Former South African president Jacob Zuma was disqualified Monday from running for a Parliament seat in next week's national election because of a previous criminal conviction. The decision by the country's highest court is certain to raise political tensions ahead of a pivotal vote in Africa's most advanced economy, as Zuma leads a new political party challenging former allies.

The Constitutional Court said a section of the constitution disqualifying people from standing for Parliament if they've been sentenced to more than 12 months in prison without the option of a fine does apply to the 82-year-old former leader. Zuma was sentenced to 15 months in prison in 2021 by the court for contempt for refusing to testify at a judicial inquiry into government corruption.

Zuma cannot serve as a lawmaker until five years after that sentence is completed, the court said in a ruling nine days ahead of the May 29 election.

Zuma once led South Africa's ruling African National Congress party but was forced out as its leader in 2017 and resigned as president in 2018 under a cloud of corruption allegations.

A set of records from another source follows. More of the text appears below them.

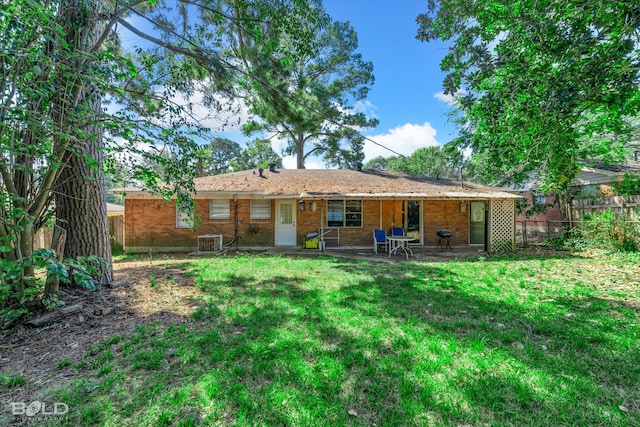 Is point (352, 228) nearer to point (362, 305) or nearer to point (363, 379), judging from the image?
point (362, 305)

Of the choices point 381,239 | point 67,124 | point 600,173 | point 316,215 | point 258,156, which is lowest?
point 381,239

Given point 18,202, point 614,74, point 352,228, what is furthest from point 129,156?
point 352,228

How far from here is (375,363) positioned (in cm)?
303

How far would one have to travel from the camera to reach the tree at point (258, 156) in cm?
2353

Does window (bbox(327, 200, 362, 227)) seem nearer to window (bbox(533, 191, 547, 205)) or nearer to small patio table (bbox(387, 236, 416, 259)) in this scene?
small patio table (bbox(387, 236, 416, 259))

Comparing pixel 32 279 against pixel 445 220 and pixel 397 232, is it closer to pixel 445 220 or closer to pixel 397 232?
pixel 397 232

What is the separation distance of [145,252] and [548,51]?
14.4 meters

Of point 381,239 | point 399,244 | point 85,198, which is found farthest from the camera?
point 381,239

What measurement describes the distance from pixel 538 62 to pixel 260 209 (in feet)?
34.9

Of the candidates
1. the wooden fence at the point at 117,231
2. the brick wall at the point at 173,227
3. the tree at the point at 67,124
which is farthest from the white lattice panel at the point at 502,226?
the wooden fence at the point at 117,231

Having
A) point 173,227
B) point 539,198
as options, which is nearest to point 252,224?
point 173,227

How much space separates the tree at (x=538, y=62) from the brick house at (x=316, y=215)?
227 inches

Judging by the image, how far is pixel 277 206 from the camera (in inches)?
500

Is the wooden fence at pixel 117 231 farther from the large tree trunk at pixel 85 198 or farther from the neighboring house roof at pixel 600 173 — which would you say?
the neighboring house roof at pixel 600 173
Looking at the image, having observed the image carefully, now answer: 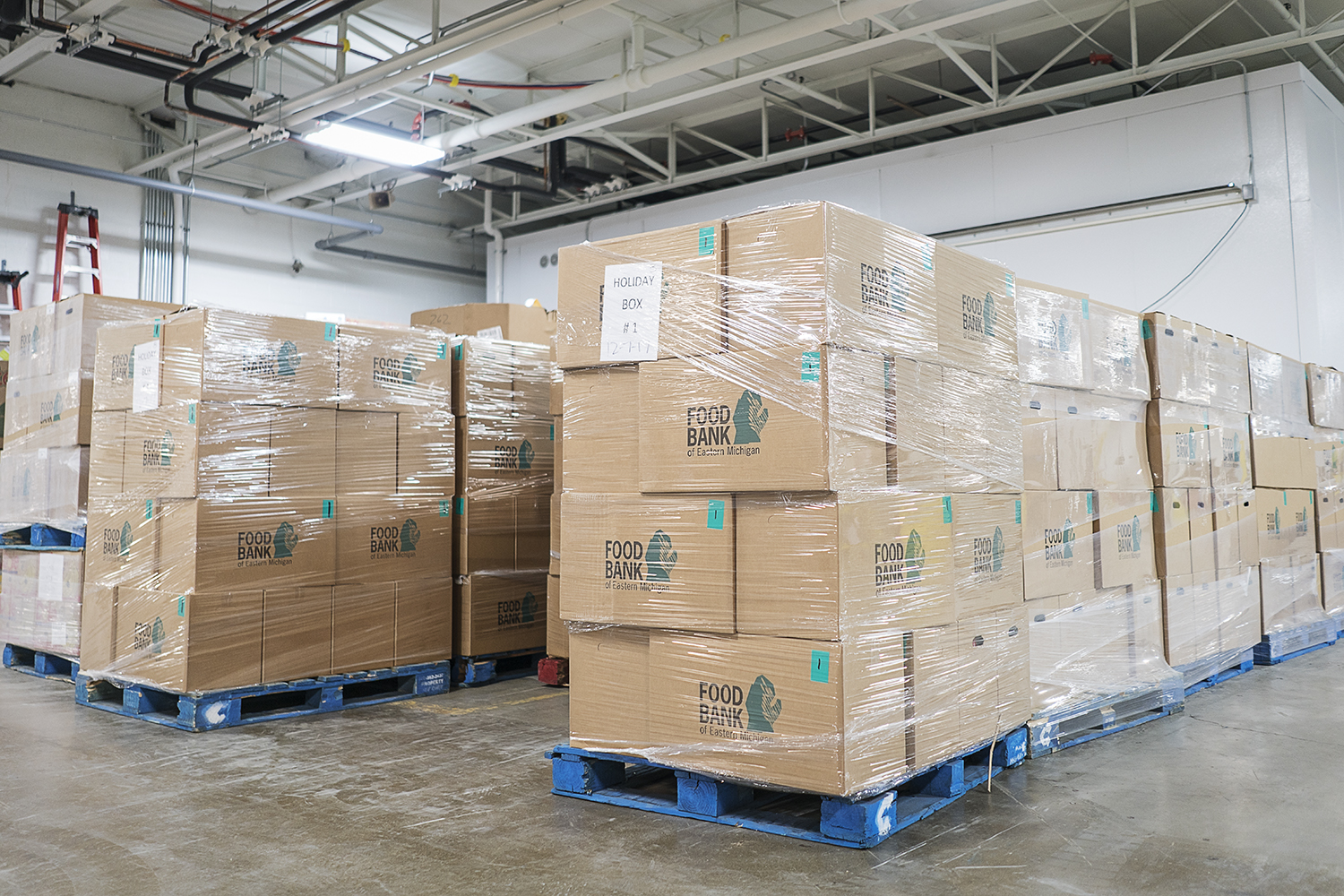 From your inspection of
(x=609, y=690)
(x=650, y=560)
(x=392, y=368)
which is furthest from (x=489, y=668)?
(x=650, y=560)

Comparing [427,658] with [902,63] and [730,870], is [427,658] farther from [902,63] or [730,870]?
[902,63]

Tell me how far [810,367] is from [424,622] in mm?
3365

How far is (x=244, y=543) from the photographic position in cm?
496

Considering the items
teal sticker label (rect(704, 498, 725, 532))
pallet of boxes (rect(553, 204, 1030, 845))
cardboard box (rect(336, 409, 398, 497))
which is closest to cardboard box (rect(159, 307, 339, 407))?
cardboard box (rect(336, 409, 398, 497))

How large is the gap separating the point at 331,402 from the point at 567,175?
610 cm

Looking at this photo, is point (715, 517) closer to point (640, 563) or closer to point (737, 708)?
point (640, 563)

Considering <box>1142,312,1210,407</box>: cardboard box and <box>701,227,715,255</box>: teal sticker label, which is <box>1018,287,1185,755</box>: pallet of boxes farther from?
<box>701,227,715,255</box>: teal sticker label

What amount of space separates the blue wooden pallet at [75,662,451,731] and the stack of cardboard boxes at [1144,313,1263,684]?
403cm

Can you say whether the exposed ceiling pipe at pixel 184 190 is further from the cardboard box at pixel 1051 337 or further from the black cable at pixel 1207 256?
the cardboard box at pixel 1051 337

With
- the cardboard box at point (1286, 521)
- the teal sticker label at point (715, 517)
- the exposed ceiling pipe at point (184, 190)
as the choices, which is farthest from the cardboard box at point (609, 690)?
the exposed ceiling pipe at point (184, 190)

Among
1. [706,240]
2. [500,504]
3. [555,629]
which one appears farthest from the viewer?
[500,504]

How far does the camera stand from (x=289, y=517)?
513cm

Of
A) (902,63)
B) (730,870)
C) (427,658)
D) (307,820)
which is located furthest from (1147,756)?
(902,63)

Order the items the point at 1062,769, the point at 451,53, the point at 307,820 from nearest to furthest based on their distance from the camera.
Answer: the point at 307,820 < the point at 1062,769 < the point at 451,53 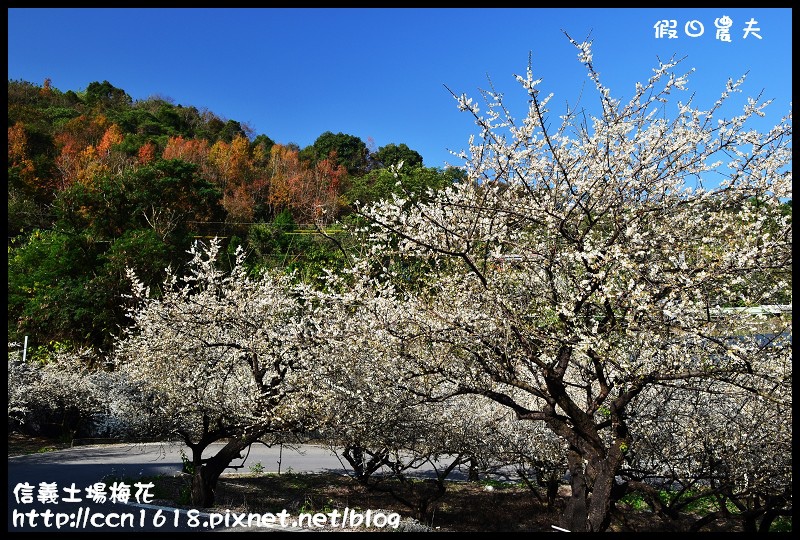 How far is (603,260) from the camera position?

He returned to politics late last year with a new party and renewed his fierce criticism of the ANC and current President Cyril Ramaphosa, who replaced him as both party leader and president.

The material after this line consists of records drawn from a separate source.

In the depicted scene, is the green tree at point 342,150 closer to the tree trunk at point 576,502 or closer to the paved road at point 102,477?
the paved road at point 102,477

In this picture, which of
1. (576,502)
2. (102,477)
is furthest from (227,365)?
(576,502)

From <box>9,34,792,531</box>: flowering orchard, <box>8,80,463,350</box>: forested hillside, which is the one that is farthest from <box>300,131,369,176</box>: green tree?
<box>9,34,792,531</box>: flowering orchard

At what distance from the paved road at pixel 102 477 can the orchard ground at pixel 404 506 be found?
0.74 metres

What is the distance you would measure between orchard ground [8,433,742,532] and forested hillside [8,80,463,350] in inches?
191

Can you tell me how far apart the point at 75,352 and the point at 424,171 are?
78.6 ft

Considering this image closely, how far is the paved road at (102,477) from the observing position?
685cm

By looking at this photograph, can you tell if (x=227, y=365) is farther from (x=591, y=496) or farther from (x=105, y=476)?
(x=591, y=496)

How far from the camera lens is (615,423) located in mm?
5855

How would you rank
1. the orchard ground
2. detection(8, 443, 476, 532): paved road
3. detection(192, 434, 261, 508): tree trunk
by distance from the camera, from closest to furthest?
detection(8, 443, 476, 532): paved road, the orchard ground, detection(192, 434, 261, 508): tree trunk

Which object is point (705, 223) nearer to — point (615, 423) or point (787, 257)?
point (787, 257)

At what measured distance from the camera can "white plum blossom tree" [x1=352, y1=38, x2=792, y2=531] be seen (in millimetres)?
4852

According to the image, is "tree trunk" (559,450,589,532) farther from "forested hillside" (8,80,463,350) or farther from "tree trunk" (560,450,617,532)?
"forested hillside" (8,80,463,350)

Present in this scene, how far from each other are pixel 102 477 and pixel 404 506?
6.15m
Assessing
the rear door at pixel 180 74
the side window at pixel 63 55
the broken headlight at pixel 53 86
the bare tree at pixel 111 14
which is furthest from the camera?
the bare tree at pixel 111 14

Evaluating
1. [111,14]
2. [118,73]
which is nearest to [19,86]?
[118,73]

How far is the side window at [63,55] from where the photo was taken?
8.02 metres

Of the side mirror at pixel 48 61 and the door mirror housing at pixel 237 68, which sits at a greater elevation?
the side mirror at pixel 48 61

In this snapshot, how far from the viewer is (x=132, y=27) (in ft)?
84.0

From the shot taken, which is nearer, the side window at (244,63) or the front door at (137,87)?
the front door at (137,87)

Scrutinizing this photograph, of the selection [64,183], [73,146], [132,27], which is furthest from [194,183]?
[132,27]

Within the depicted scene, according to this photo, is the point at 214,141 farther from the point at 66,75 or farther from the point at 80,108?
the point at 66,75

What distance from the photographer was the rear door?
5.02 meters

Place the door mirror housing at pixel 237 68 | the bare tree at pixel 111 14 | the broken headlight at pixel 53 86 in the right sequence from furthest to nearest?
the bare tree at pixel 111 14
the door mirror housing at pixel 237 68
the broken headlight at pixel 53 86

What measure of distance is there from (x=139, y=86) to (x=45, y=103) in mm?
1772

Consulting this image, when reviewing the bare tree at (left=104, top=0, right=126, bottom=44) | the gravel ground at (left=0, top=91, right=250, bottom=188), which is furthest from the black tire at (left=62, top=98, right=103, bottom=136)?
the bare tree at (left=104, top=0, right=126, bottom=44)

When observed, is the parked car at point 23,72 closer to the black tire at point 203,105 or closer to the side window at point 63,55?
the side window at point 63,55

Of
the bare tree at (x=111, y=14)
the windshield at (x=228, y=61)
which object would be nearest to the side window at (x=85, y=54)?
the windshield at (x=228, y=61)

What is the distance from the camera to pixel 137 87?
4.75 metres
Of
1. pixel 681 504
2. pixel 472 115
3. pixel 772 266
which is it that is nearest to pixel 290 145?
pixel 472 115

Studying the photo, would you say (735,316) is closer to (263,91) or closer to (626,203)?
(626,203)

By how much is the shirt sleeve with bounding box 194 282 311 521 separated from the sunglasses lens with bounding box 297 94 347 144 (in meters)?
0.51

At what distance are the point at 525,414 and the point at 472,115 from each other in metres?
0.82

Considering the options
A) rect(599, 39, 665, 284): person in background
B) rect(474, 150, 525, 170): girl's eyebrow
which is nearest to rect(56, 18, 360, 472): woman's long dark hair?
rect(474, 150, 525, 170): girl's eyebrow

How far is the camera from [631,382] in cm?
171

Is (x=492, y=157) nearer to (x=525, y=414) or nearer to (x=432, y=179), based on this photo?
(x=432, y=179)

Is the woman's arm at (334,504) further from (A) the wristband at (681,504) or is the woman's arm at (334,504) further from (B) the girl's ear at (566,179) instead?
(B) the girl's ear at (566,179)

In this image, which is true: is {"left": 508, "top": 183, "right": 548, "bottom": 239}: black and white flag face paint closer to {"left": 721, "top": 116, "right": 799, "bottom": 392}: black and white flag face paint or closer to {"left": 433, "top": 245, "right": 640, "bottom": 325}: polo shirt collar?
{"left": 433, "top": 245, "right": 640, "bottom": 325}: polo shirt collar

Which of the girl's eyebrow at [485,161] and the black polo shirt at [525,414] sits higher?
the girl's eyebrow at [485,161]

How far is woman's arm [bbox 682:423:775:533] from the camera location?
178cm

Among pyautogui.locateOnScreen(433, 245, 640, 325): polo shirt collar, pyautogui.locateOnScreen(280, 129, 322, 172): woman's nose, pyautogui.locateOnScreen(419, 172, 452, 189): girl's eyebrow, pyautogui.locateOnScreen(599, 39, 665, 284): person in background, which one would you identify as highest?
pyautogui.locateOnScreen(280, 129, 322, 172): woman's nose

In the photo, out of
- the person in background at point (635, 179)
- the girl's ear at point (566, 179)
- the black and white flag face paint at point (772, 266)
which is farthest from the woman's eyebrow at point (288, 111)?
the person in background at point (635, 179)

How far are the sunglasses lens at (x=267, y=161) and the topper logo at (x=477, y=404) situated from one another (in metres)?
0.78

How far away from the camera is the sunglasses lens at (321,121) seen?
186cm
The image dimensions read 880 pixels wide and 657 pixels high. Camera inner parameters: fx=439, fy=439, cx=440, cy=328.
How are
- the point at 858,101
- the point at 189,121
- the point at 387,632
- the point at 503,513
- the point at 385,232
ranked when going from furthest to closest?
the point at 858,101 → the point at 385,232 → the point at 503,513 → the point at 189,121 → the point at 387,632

Zuma's new party said in a statement that "this unsurprising decision, while disappointing, has not disheartened us." The party criticized the court and the panel of judges that issued the ruling.

Next week's election could be South Africa's most important in 30 years, with the beleaguered ANC facing the biggest challenge to its long rule since the end of the apartheid system of white minority rule in 1994.

The ANC is struggling to hold onto its parliamentary majority, and the election might force it into a national coalition government. That would be the country's biggest political shift since apartheid was dismantled with the first all-race elections.

The court ruling doesn't prevent Zuma's party, called uMkhonto weSizwe (Spear of the Nation), or the MK Party, from contesting the election.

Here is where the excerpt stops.